-- Exercise aim --
Using the data that follows, give again word for word the lines between the one holding "[7A Antibacterial Cooling" and the one holding "Crown Diamond 5", inclusive. Omit the pictures.
----- Entries provided -----
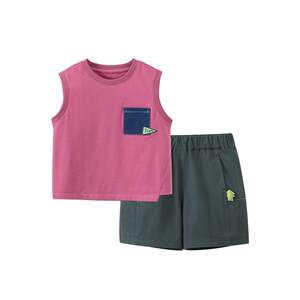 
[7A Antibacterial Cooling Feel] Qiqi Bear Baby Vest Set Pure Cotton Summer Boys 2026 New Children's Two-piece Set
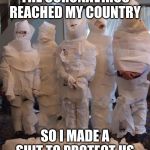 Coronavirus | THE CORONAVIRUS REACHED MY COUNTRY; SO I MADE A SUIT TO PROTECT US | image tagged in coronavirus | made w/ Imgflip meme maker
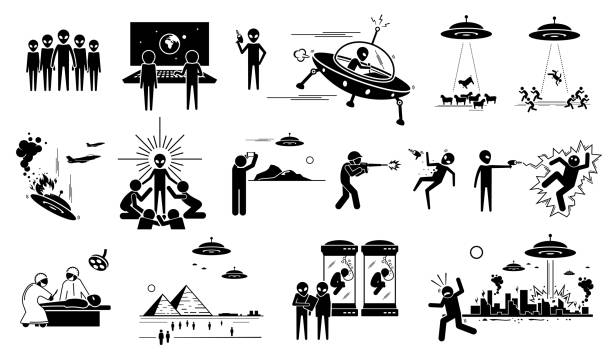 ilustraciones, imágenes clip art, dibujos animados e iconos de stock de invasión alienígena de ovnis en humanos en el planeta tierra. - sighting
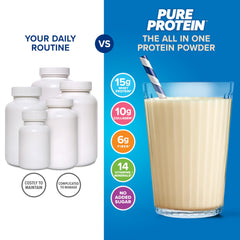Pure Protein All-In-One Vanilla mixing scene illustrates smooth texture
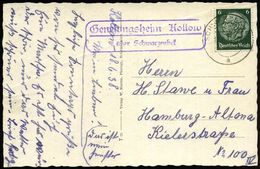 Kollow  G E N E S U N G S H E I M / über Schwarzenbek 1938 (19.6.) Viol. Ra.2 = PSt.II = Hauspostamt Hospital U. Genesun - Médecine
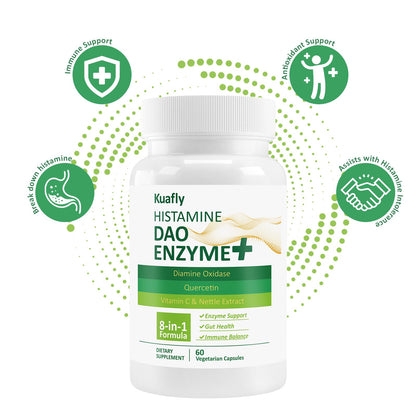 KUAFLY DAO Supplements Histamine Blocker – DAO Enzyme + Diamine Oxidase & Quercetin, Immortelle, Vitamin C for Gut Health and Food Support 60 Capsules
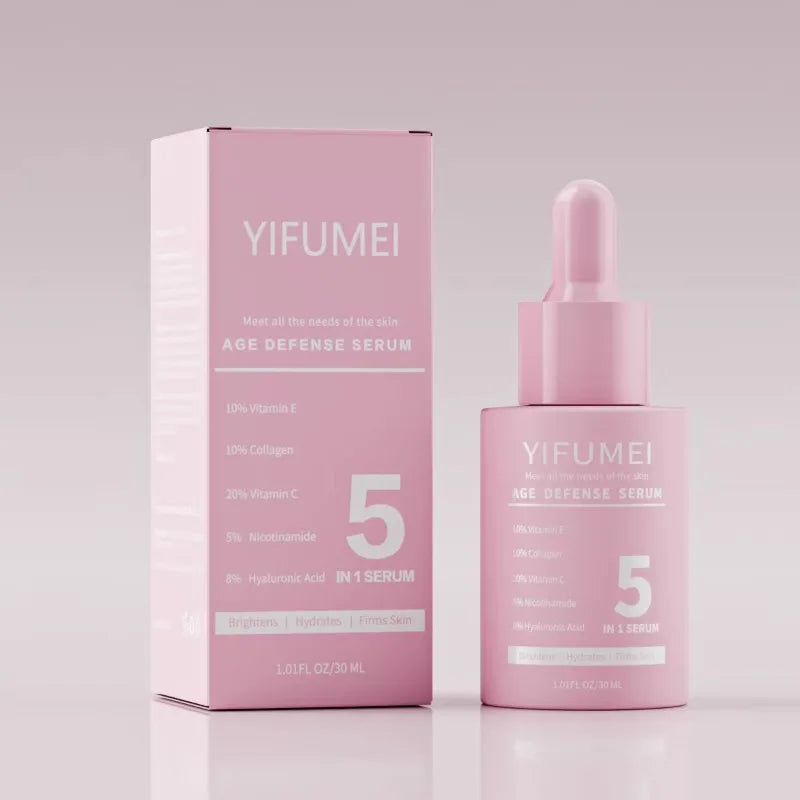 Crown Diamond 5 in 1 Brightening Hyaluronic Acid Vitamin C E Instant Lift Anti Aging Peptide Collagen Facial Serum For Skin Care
-----
----- Entries provided -----
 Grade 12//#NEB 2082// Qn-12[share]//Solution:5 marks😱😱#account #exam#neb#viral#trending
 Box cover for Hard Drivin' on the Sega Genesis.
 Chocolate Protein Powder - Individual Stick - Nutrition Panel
-----
----- Entries provided -----
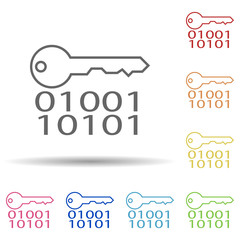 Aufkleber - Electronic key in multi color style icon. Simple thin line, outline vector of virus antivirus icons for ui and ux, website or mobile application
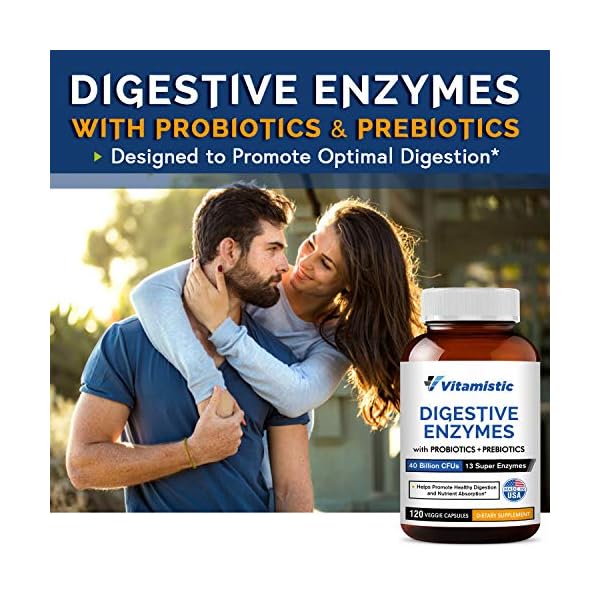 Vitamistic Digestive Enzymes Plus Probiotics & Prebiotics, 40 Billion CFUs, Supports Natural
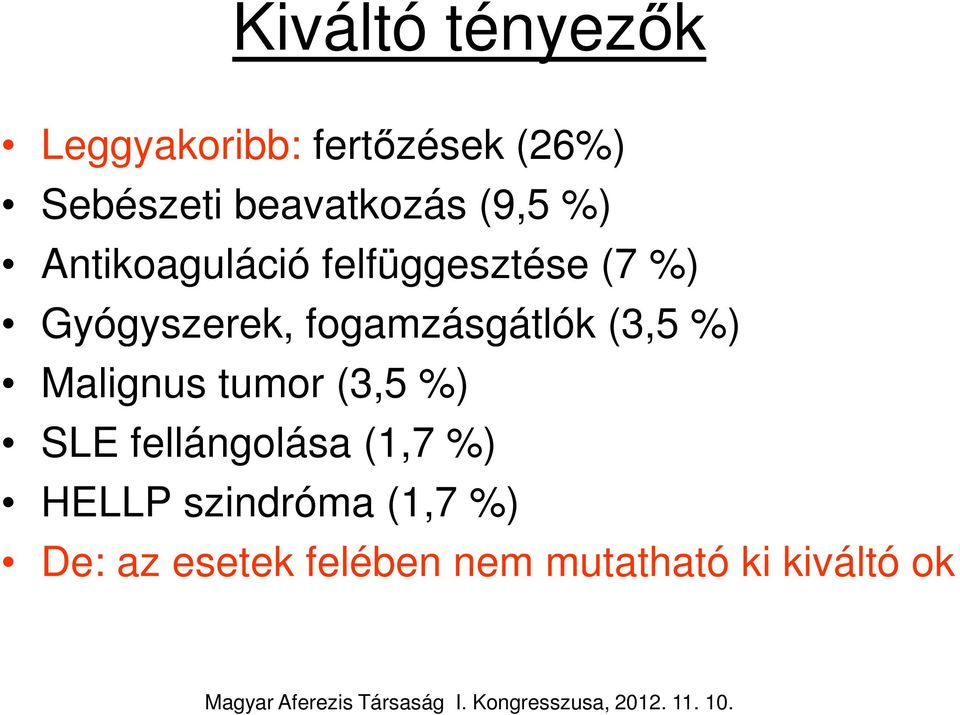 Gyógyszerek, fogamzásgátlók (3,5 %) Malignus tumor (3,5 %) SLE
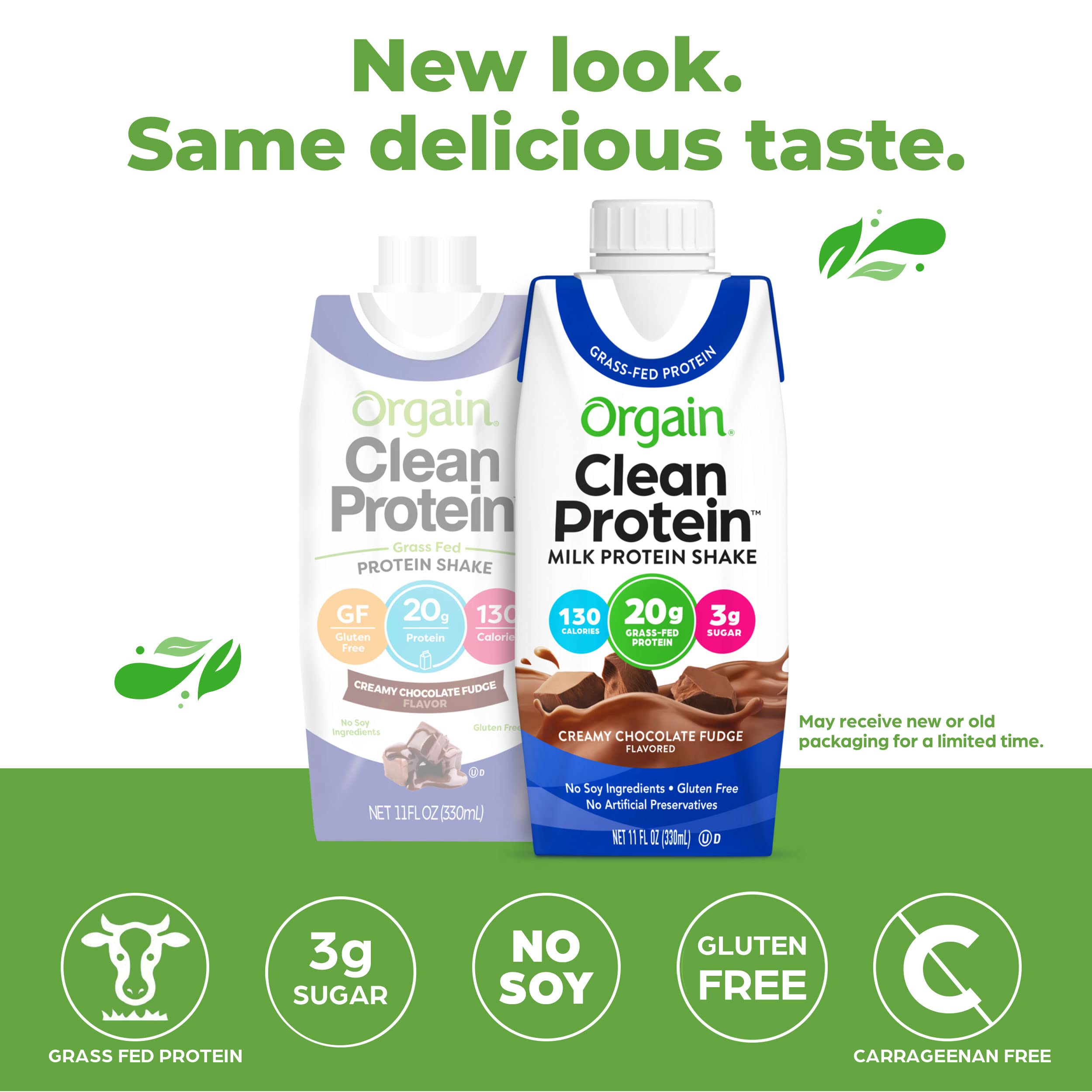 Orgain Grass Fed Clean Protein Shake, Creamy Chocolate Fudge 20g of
-----
-- Output for this task --
[7A Antibacterial Cooling Feel] Qiqi Bear Baby Vest Set Pure Cotton Summer Boys 2026 New Children's Two-piece Set
 Coronavirus | THE CORONAVIRUS REACHED MY COUNTRY; SO I MADE A SUIT TO PROTECT US | image tagged in coronavirus | made w/ Imgflip meme maker
 ilustraciones, imágenes clip art, dibujos animados e iconos de stock de invasión alienígena de ovnis en humanos en el planeta tierra. - sighting
Pure Protein All-In-One Vanilla mixing scene illustrates smooth texture
 Kollow  G E N E S U N G S H E I M / über Schwarzenbek 1938 (19.6.) Viol. Ra.2 = PSt.II = Hauspostamt Hospital U. Genesun - Médecine
 KUAFLY DAO Supplements Histamine Blocker – DAO Enzyme + Diamine Oxidase & Quercetin, Immortelle, Vitamin C for Gut Health and Food Support 60 Capsules
 Crown Diamond 5 in 1 Brightening Hyaluronic Acid Vitamin C E Instant Lift Anti Aging Peptide Collagen Facial Serum For Skin Care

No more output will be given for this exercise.